Problem to work on =
Your answer must be a word-for-word copy of the listing below, minus its pictures.

Data extract =
-- Opening Marker --
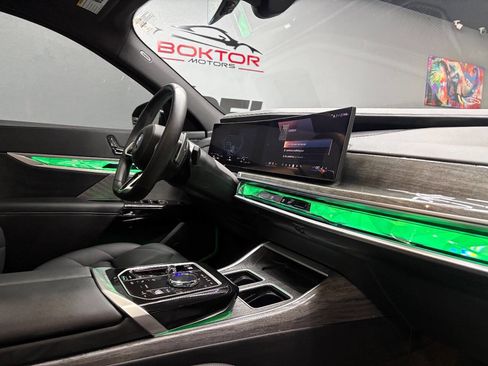 Used 2025 BMW 740i w/ Premium Package image 80
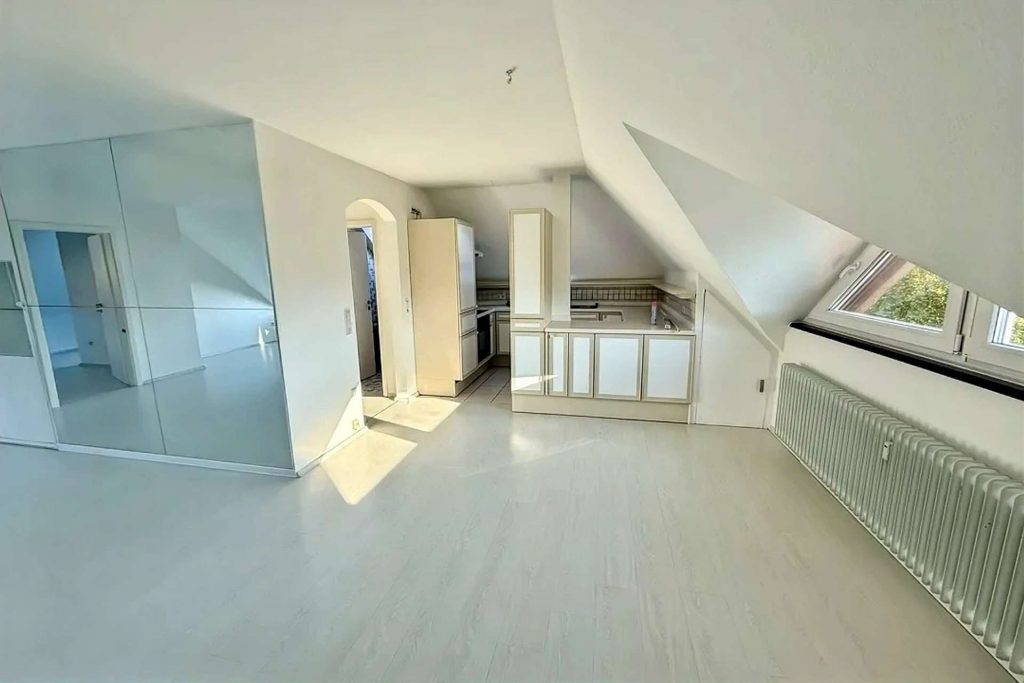 070-5 Wohnzimmer II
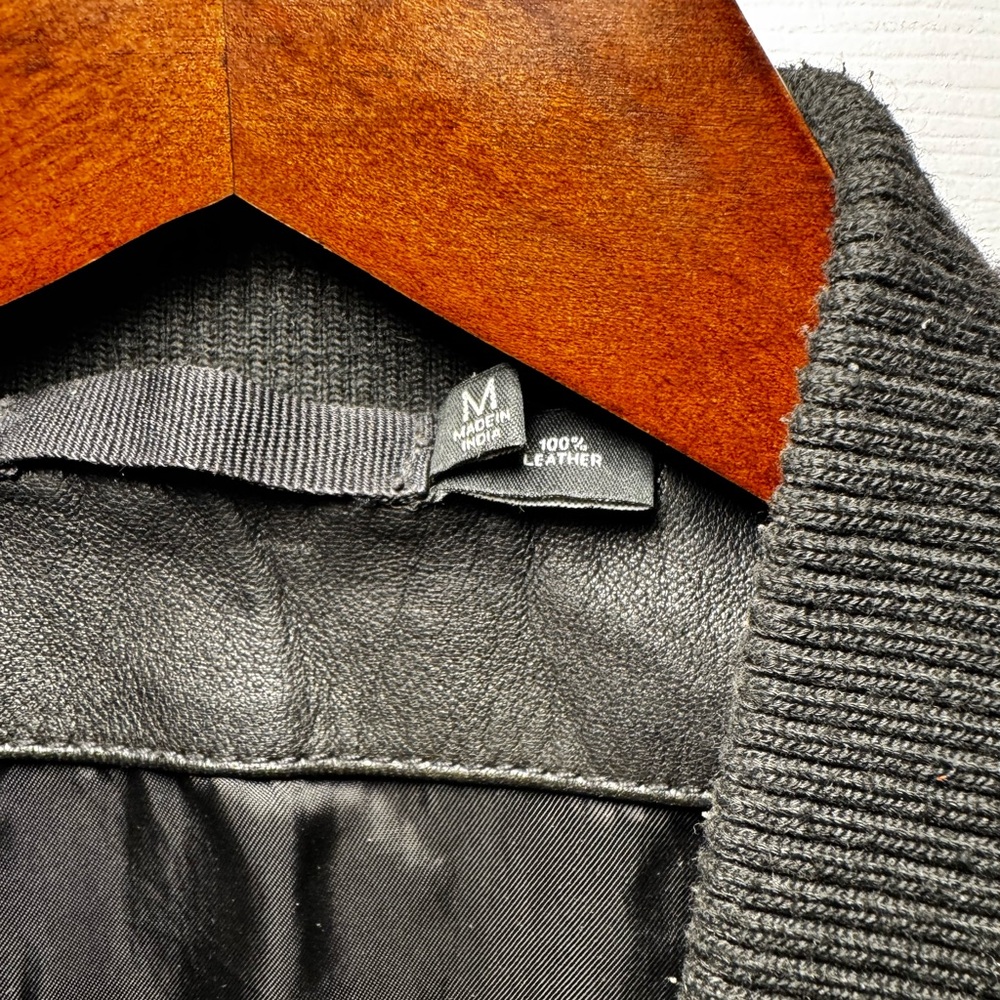 BLK DNM Men’s Classic Black Leather Bomber Jacket - Picture 7 of 8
-- Closing Marker --
Answer =
 Used 2025 BMW 740i w/ Premium Package image 80
 070-5 Wohnzimmer II
 BLK DNM Men’s Classic Black Leather Bomber Jacket - Picture 7 of 8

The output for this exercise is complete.